Monday, Oct. 03, 1955
Marriage Revealed. James T. Farrell, 51, relentlessly detailed novelist (the Studs Lonigan trilogy, the Danny O'Neill series); and his first wife, Dorothy Butler FarrelL fortyish; on Sept. 10; in Montclair. NJ. They were first married in 1931, divorced in 1940, had no children; Farrell married Hortense Alden the same year, divorced her in 1955, had one son, Kevin James.
Died. Robert Riskin, 58, top screenwriter, who teamed with Director Frank Capra (1931-38) to turn out Lost Horizon, Mr. Deeds Goes to Town, You Can't Take It with You, winner of an Academy Award in 1934 for It Happened One Night, husband of oldtime Cinemactress Fay Wray; after being partially paralyzed from a stroke since 1950; in Woodland Hills, Calif.
Died. John D. Dingell, 61, Democratic Representative from Michigan since 1933, staunch supporter of New and Fair Deal policies (he waged a twelve-year losing fight for a compulsory national health insurance bill); of a heart attack; in Washington, D.C.
Died. Helen Richardson Dreiser, 61, widow of Novelist Theodore Dreiser (An American Tragedy, Sister Carrie), author of My Life with Dreiser; of a heart attack, after being bedridden since 1951: in Portland, Ore.
Died. Jose P. Tamborini. 69, physician, sometime translator, coalition candidate (Communist-Socialist-Radical) in the stormy 1946 Argentine presidential election, in which he was resoundingly defeated by the now deposed strongman Juan Peron (see THE HEMISPHERE); in Buenos Aires.
Died. Donald Clifford Brace, 73, co-founder (1919) and president (1942-48) of Harcourt, Brace & Co., publisher of the early Sinclair Lewis, Carl Sandburg, Katherine Anne Porter, T. S. Eliot; after long illness; in Manhattan.

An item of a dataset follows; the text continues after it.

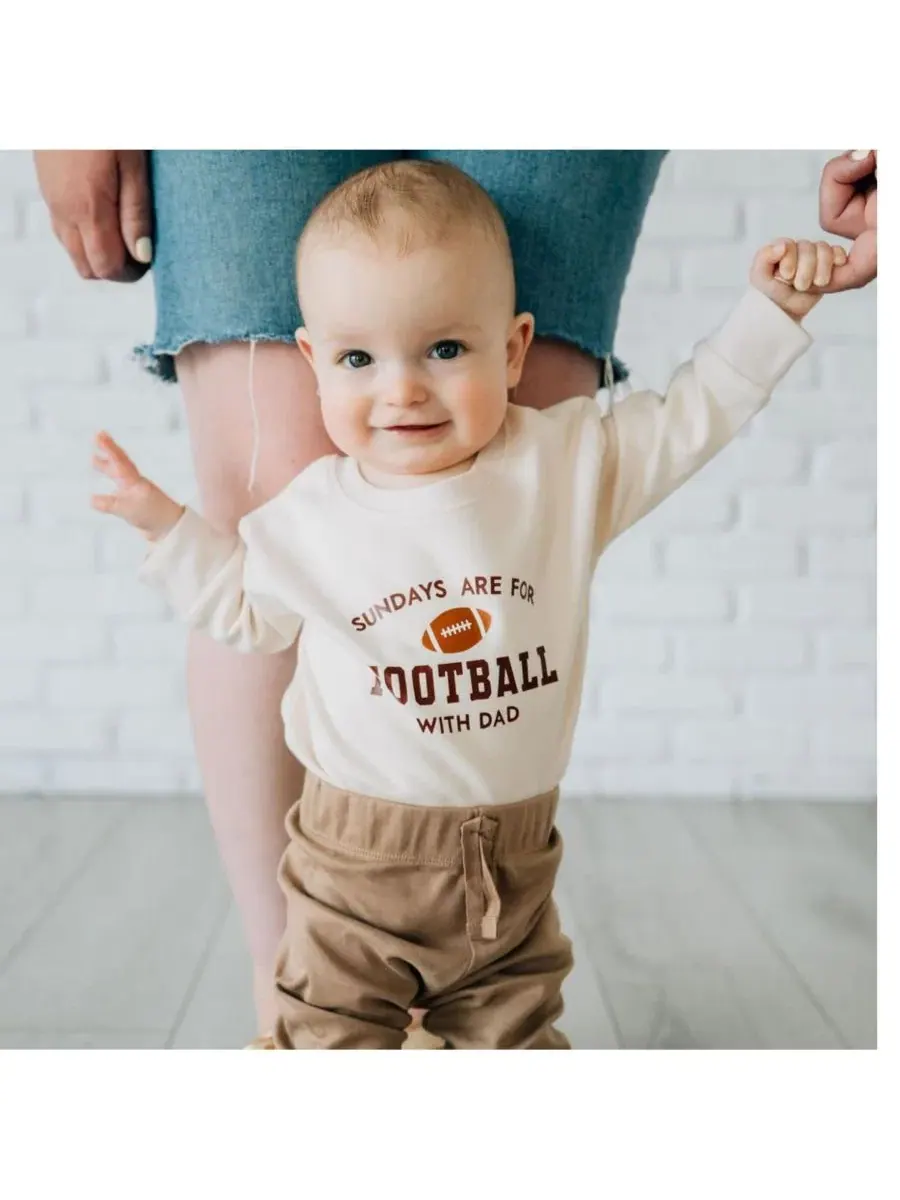 Боди-комбинезон с длинным рукавом Sundays Are For Football Sweet Wink — изображение 2 из 4, прозрачный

Died. Francis A. Countway, 79, longtime (1913-46) president of Lever Bros. Co., U.S. subsidiary of the British-Dutch Unilever empire; after long illness; in Boston. After his rise from general manager and treasurer, quiet, publicity-shy Countway raised sales from less than $1,000,000 in 1913 to $250 million in 1944. He invented B.O. during a golf game to boost his product, Lifebuoy; presided over the debuts of Lux Toilet Soap, Rinso, Swan and Spry; in 1939 received the highest salary with bonuses ($469,713) outside Hollywood.
Died. Carl Milles, 80, Swedish-born modern master of park and fountain sculpture; in Lidingoe, Sweden. Milles studied in Paris for seven years, was assistant to Auguste Rodin, moved on to hew lithe, dreamlike figures often drawn from Norse, Greek and American Indian mythologies (TIME, June 27). In 1929 he came to the U.S. to teach at Cranbrook Academy, Bloomfield Hills, Mich., became a U.S. citizen in 1945. Among his best-known works: Stockholm's Orpheus Fountain; St. Louis' The Meeting of the Waters, 19 life-sized figures symbolizing the meeting of the Mississippi and Missouri Rivers; The Fountain of Faith in Falls Church, Va., 38 figures representing the reunion of friends in the world of the dead.
Died. Walter Dill Scott, 86, longtime (1920-39) president of Northwestern University during the period of its greatest growth (9,100 to 23,500 students), during which the university built its downtown campus, received nearly $50 million in endowments; in Evanston, Ill.
Died. Samuel H. Kress, 92, founder and chairman (since 1924) of S. H. Kress & Co.. five-and-ten chain, famed artistic philanthropist; in Manhattan (see NATIONAL AFFAIRS).